Originally posted by: seb_
There are two major categories of problems usually reported to the technical support:
Ongoing problems, including problems that happen again and again and problems that can be recreated.
One-time occurrences where a so called root cause analysis (RCA) is necessary.
Technically problems from these both categories could be very similar, but the fact if the support person needs to investigate something in the past or something that will certainly happen again in the future totally changes the necessary approach. This is an important difference, because I often see things done wrong.
So what to do?
It's not that difficult. For the ongoing or re-occurring problems of category 1 it's all about setting a baseline and gathering the right data at the right time. You don't want the investigation being flawed by high-volume error messages that have nothing to do with the problem. Often there are error counters that increased sometime in the past without any relation to the actual problem you have right now. False indications and misled troubleshootings are time-consuming and in the worst case lead to wrong assumptions and therefore wrong and maybe even harming action plans. You certainly don't want that.

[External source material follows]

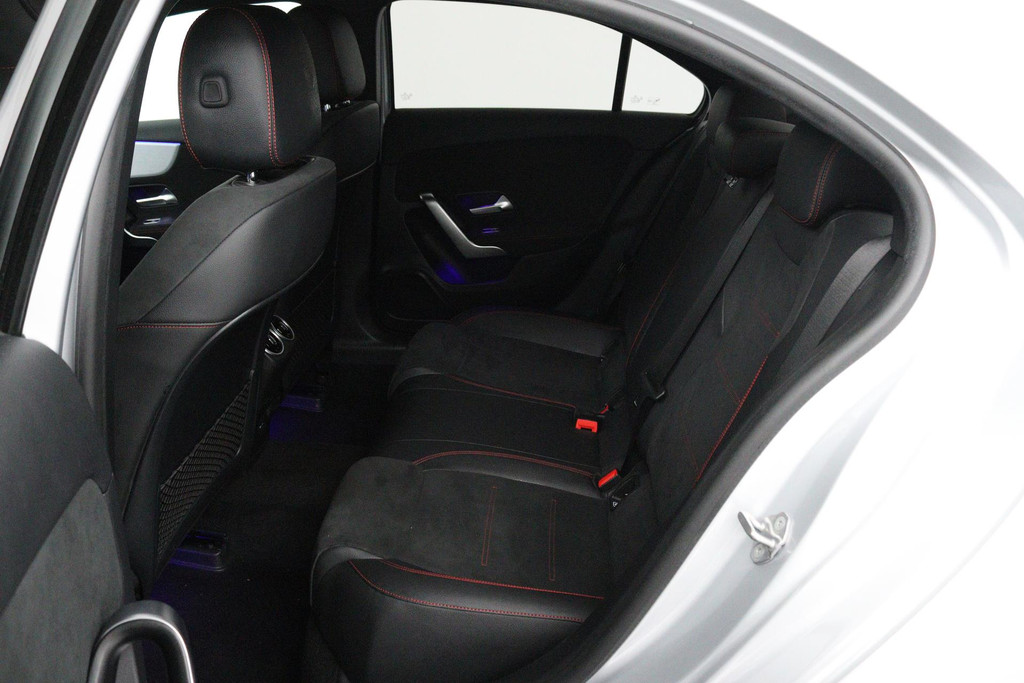 Mercedes-Benz A-Klasse 180 Business Solution AMG (STOELVERWARMING, SFEERVERLICHTING, ACHTERUITRIJCAMERA, CRUISE CONTROL, NAVI) 48596198-23.jpg | Autocentrum Brabant Breda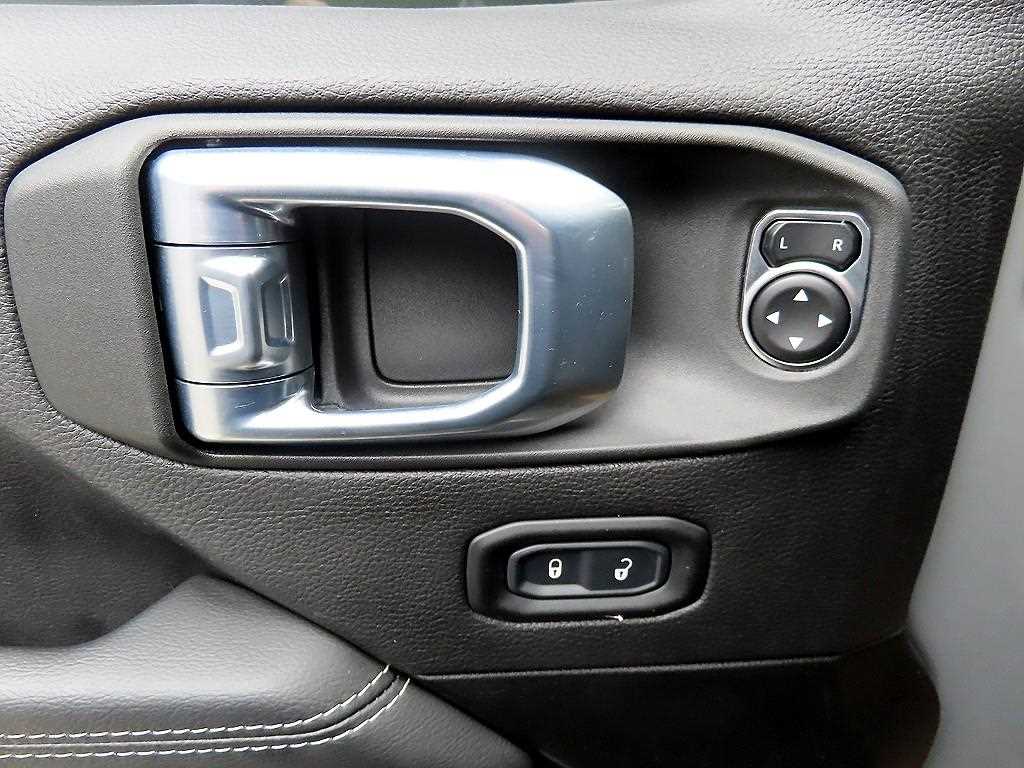 Jeep Wrangler - Vista 11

But for the category 2 problems deleting the messages from the past and clearing the current error counters would be a big problem. While this is often the first reaction of an admin or even the first suggested action of a support person, it will void any root cause analysis. If you make tabula rasa, what would be left to investigate? Therefore it's most important to gather as much as possible before destroying what's needed to find out what happened. And deliberately clearing the counters is not the only way to do so.
But it needs to go online again! Now!
Of course there's a high priority on getting thing running again. Every minute of downtime costs money and reputation. If it's absolutely clear what caused the problem: Go on! Do what needs to be done to get back into production. But if the problem is not understood and the outage could happen again, minimizing the downtime by prematurely changing things is actually not minimizing the downtime. This boomerang could hit you even harder the second time!
So the best approach is to gather data from all devices and components that are related to the problem, starting with the device reporting the problem and then the ones connected to it.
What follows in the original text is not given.